/---

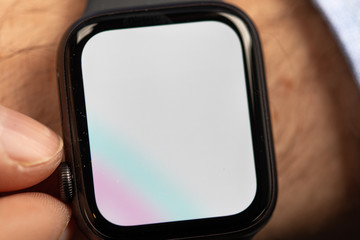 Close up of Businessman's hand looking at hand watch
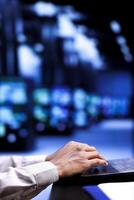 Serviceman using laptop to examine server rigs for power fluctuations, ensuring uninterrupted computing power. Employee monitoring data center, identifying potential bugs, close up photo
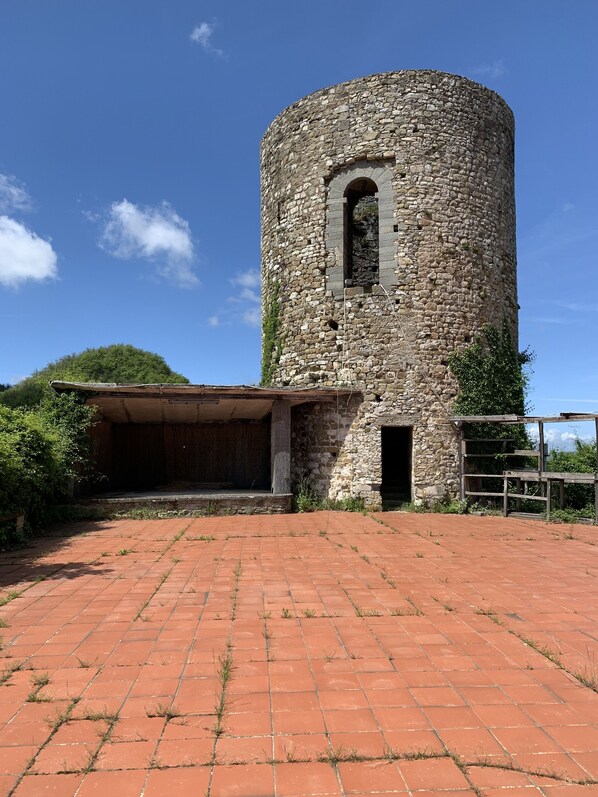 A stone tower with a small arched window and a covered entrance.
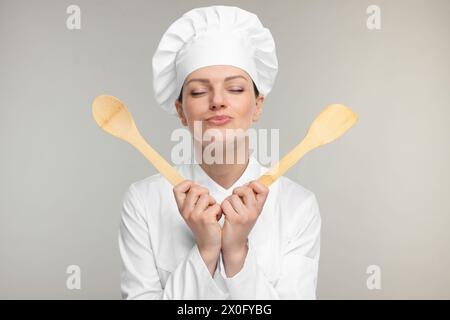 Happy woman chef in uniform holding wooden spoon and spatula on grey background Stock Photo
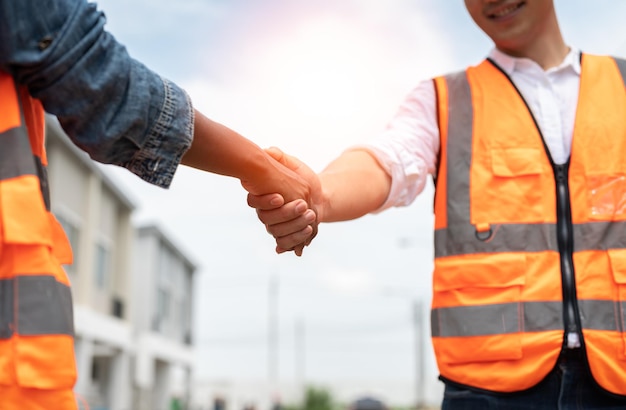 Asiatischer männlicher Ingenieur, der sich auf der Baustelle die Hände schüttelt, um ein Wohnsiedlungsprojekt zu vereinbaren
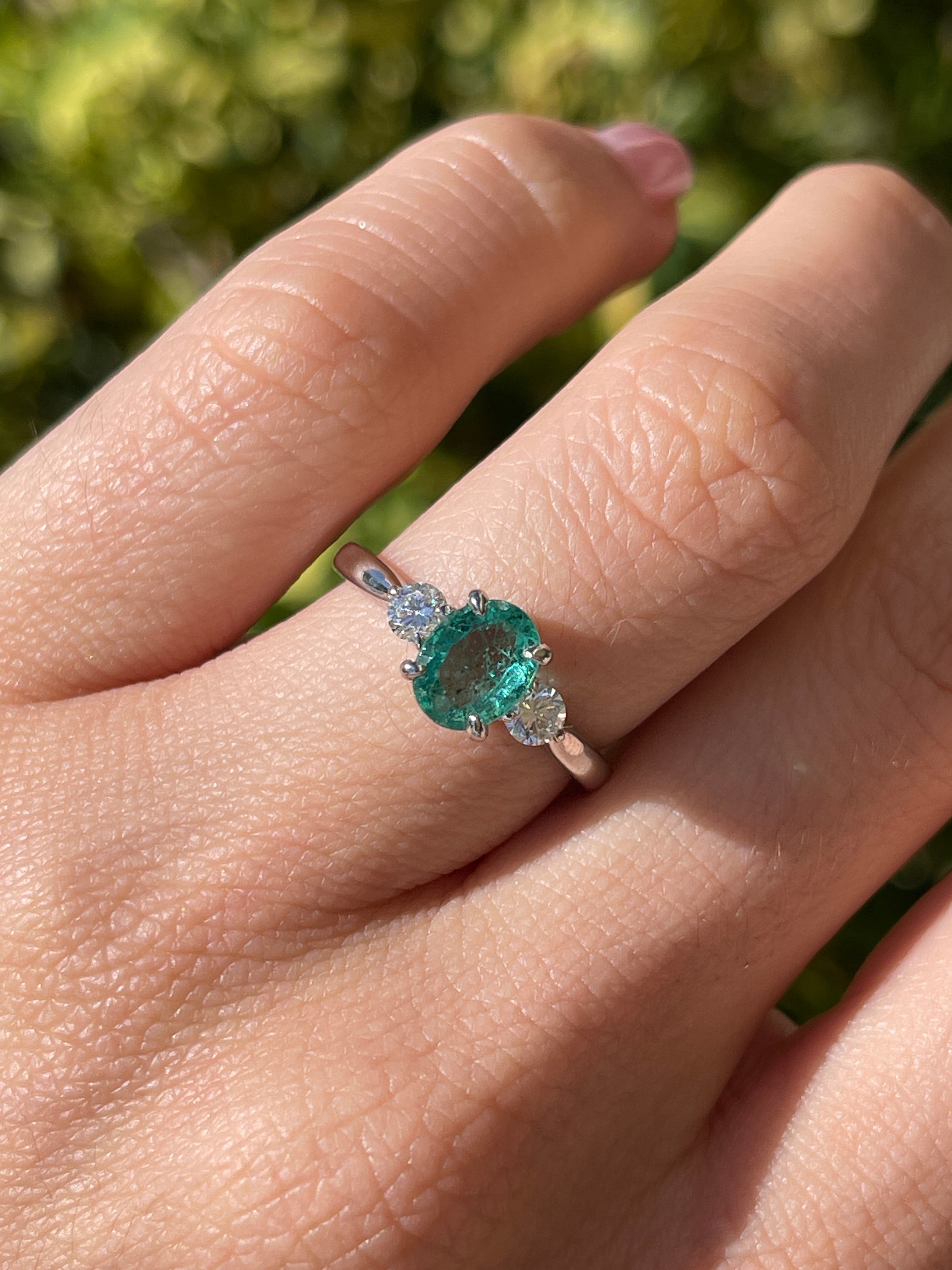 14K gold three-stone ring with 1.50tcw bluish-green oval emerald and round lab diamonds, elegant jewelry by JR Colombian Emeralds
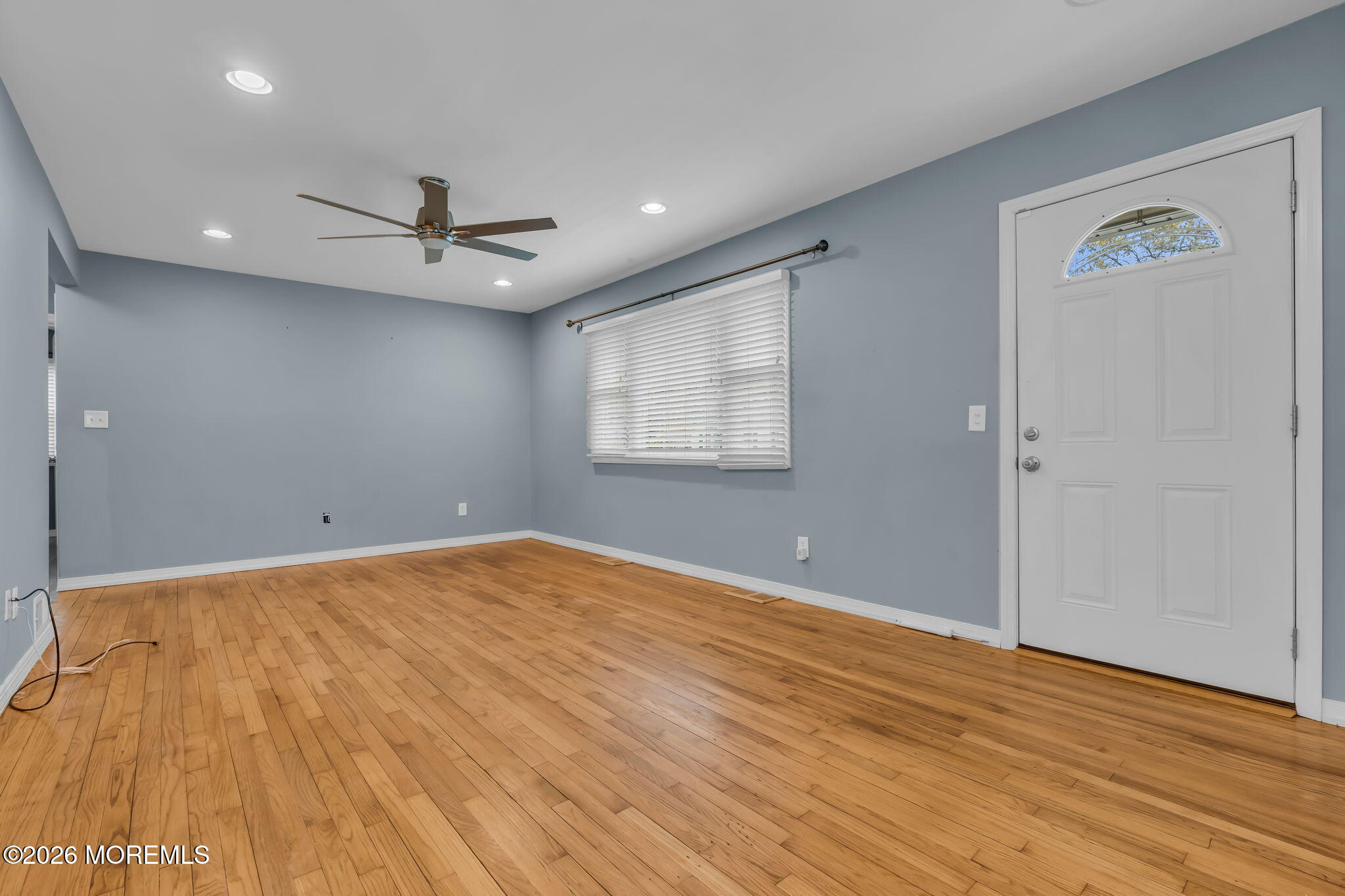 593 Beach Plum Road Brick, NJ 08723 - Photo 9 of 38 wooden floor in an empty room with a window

\---

TO DO. The entries above are to be repeated in full, except for their pictures.

ANSWER FOR THE TASK.
 Close up of Businessman's hand looking at hand watch
 Serviceman using laptop to examine server rigs for power fluctuations, ensuring uninterrupted computing power. Employee monitoring data center, identifying potential bugs, close up photo
 A stone tower with a small arched window and a covered entrance.
 Happy woman chef in uniform holding wooden spoon and spatula on grey background Stock Photo
 Asiatischer männlicher Ingenieur, der sich auf der Baustelle die Hände schüttelt, um ein Wohnsiedlungsprojekt zu vereinbaren
 14K gold three-stone ring with 1.50tcw bluish-green oval emerald and round lab diamonds, elegant jewelry by JR Colombian Emeralds
 593 Beach Plum Road Brick, NJ 08723 - Photo 9 of 38 wooden floor in an empty room with a window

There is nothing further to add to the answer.